"I was born, still am, and will always be hungry," says Chef Ming Tsai, TV personality, cookbook author, and chef and owner of Blue Ginger restaurant in Wellesley, Mass.
For the ever-hungry chef, there is no better holiday than Thanksgiving. "Thanksgiving is my favorite holiday, bar none. Our family has an attitude of gratitude and Thanksgiving is the day that really marks that," says Chef Tsai. "And then you just get to chow [down] and eat all day. There is no other holiday where it is okay to eat all day. You don’t have to do anything but eat, eat, and eat."

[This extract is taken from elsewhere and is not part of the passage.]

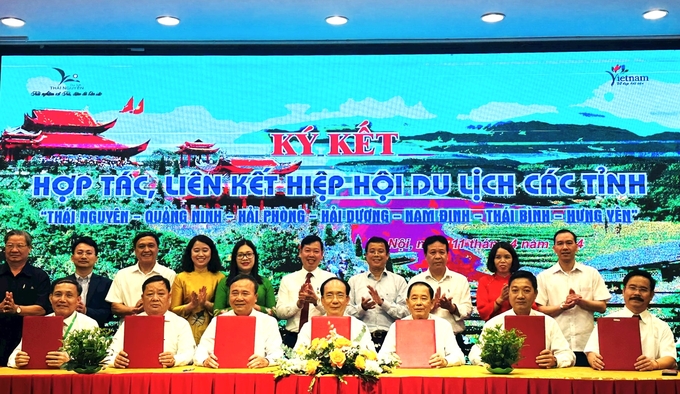 Representatives of tourism associations of 7 provinces: Thai Nguyen, Quang Ninh, Hai Phong, Hai Duong, Thai Binh, Nam Dinh, Hung Yen signed a memorandum of cooperation agreement on tourism development. Photo: Linh Tam.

Forty-four-year-old Chef Tsai’s food obsession is a family trait. The host and executive producer of the public TV show Simply Ming recalls spending summer in Taipei, China, visiting his grandparents and eating, what he describes as 'the best food in the world.' The young, future-chef spent his visits dining on 'incredibly cheap and delicious street food," as well as home cooked food from his Nai-Nai (grandmother) and Yeh-Yeh (grandfather), and also from their personal chef Ah-Hao. "My grandfather really loved to eat and he loved the fact that I loved to eat," he says.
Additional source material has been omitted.